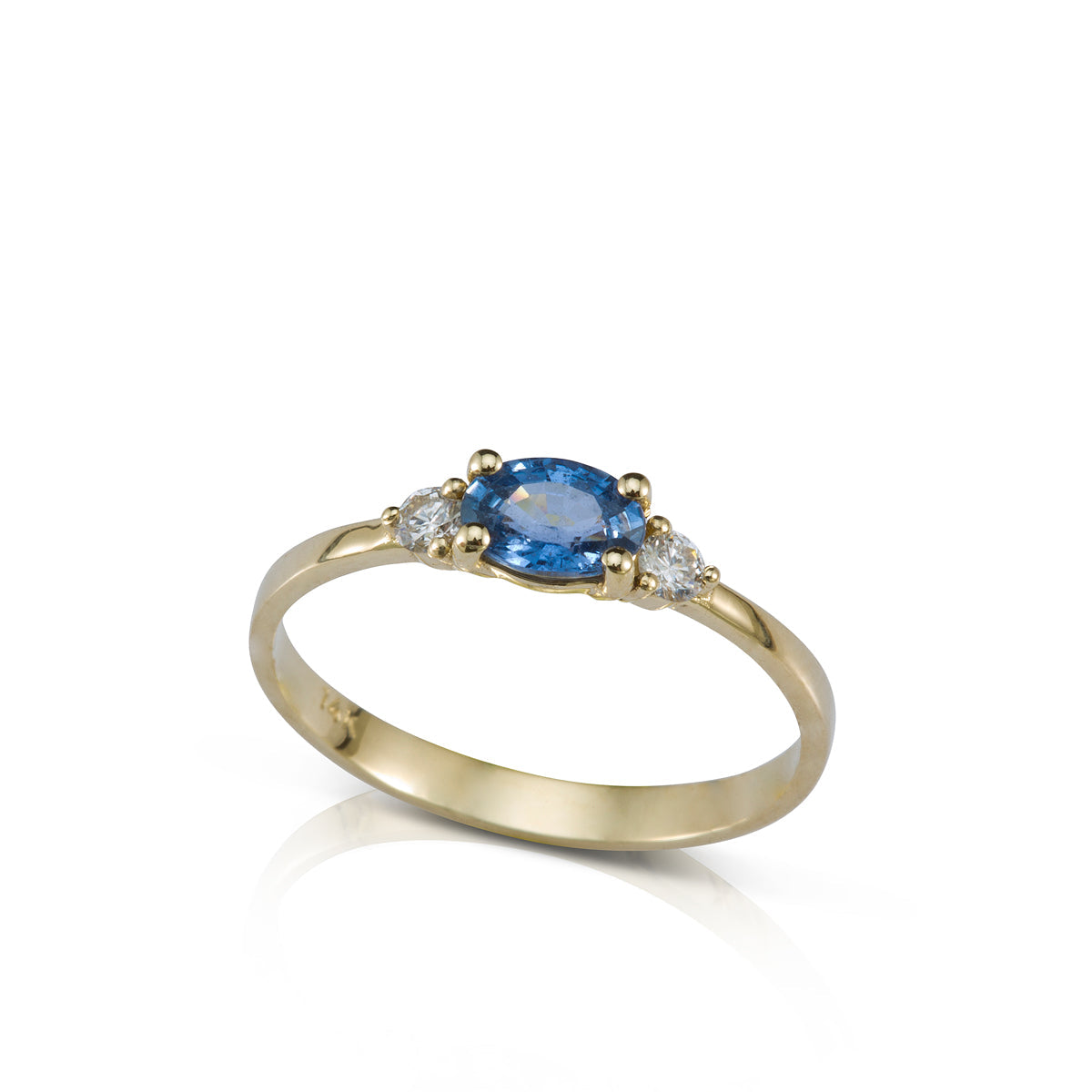 A gold ring set with an oval sapphire and 2 side diamonds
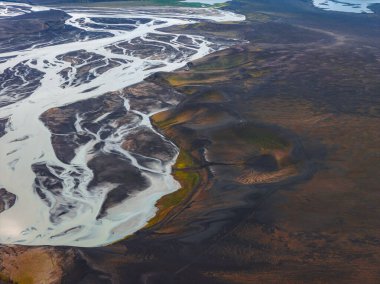 Örgülü nehir kanalları İzlanda 'daki karanlık volkanik arazide akar. Küçük kraterler ve yeşil bitki örtüsü dramatik manzaraya doku ekler..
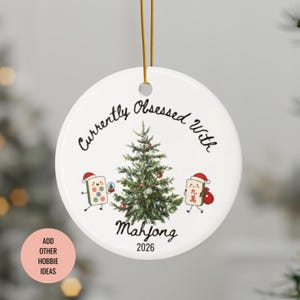 May include: A round white ceramic Christmas ornament hanging from a gold string. It features a central green Christmas tree, two cartoon Mahjong tiles wearing Santa hats, and the black text Currently Obsessed With Mahjong 2026.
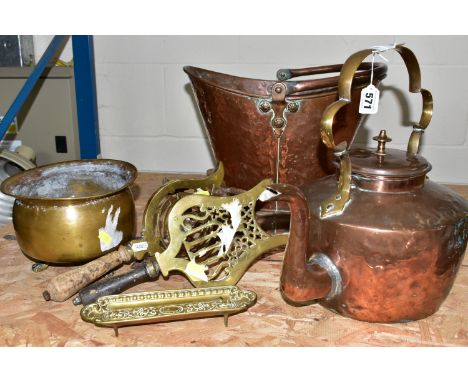 A GROUP OF COPPER AND BRASSWARES, comprising a large copper coal bucket, copper kettle with a brass handle, brass planter sup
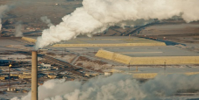 Smokestack billowing white smoke into the air over an industrial area and distant buildings.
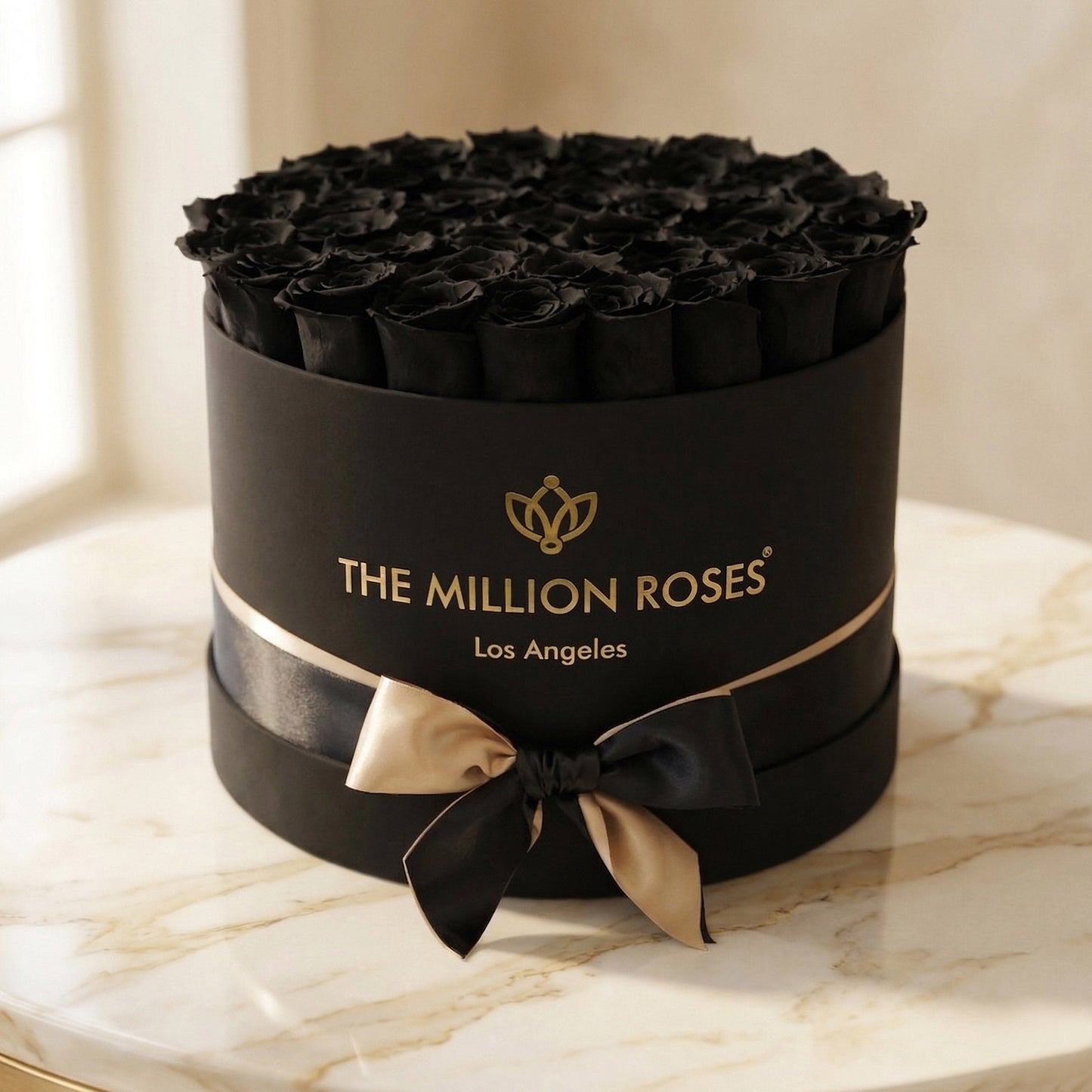 Supreme Black Box topped with black roses from The Million Roses in a matte black gift box on Tampa Home & Garden Store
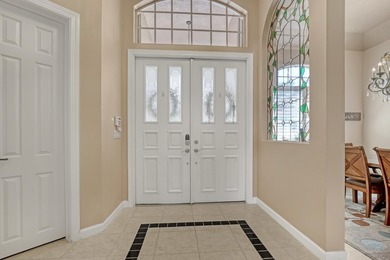 Discover this spacious 4-bedroom, 3-bath pool home in the on PGA National Estates Golf Course in Florida - for sale on GolfHomes.com, golf home, golf lot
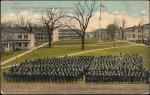 color image; view of the school grounds from perspective of the academic building towards the quarters, the trees have no leaves, in the foreground is a set of students arranged in tight rows (they are in black and white)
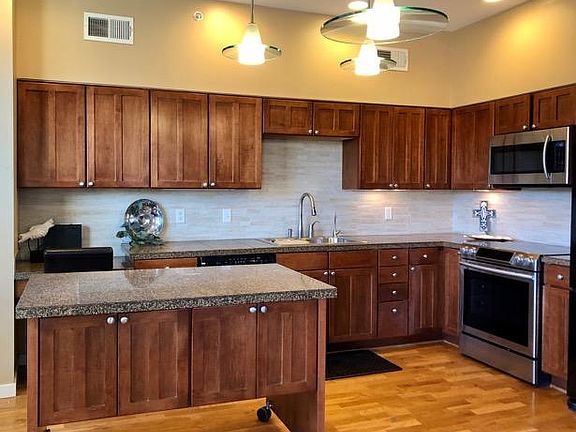 Kitchen with mobile island adjacent to dining area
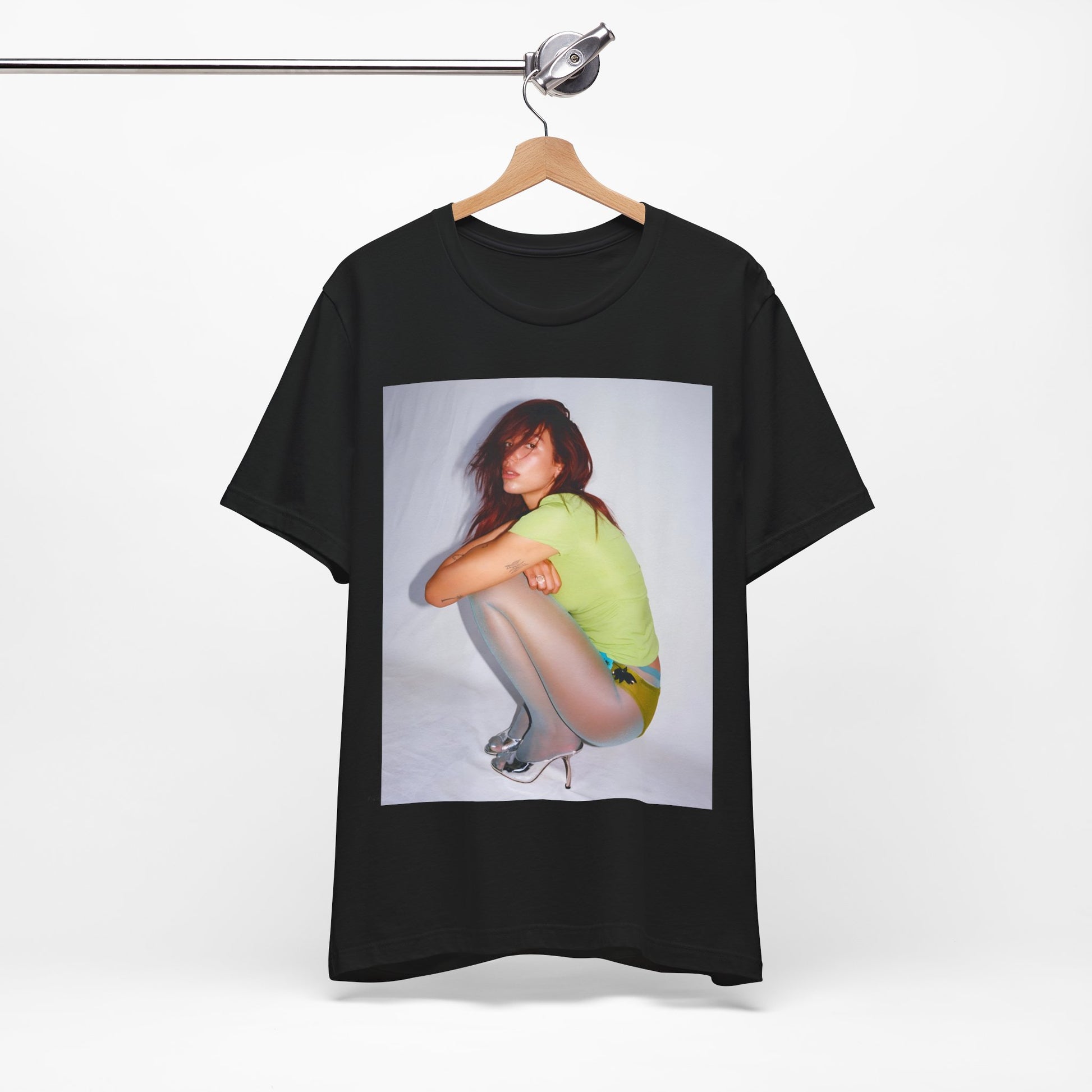 A black graphic t-shirt featuring a graphic inspired by Dua Lipa's 'Houdini' song.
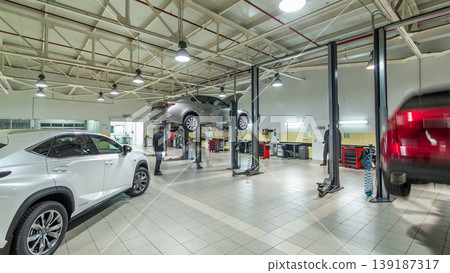 Cars moves on lifts in modern service station and men repair cars timelapse hyperlapse. Cars moves on lifts in modern service station and men repair cars timelapse hyperlapse. 139187317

____

Task ::
Emit the lines of the material exactly, from its first line to the line containing "Supreme Black Box", inclusive; leave every picture out.

Solution below ::
 A gold ring set with an oval sapphire and 2 side diamonds
 Örgülü nehir kanalları İzlanda 'daki karanlık volkanik arazide akar. Küçük kraterler ve yeşil bitki örtüsü dramatik manzaraya doku ekler..
 May include: A round white ceramic Christmas ornament hanging from a gold string. It features a central green Christmas tree, two cartoon Mahjong tiles wearing Santa hats, and the black text Currently Obsessed With Mahjong 2026.
 A GROUP OF COPPER AND BRASSWARES, comprising a large copper coal bucket, copper kettle with a brass handle, brass planter sup
 Smokestack billowing white smoke into the air over an industrial area and distant buildings.
 Supreme Black Box topped with black roses from The Million Roses in a matte black gift box on Tampa Home & Garden Store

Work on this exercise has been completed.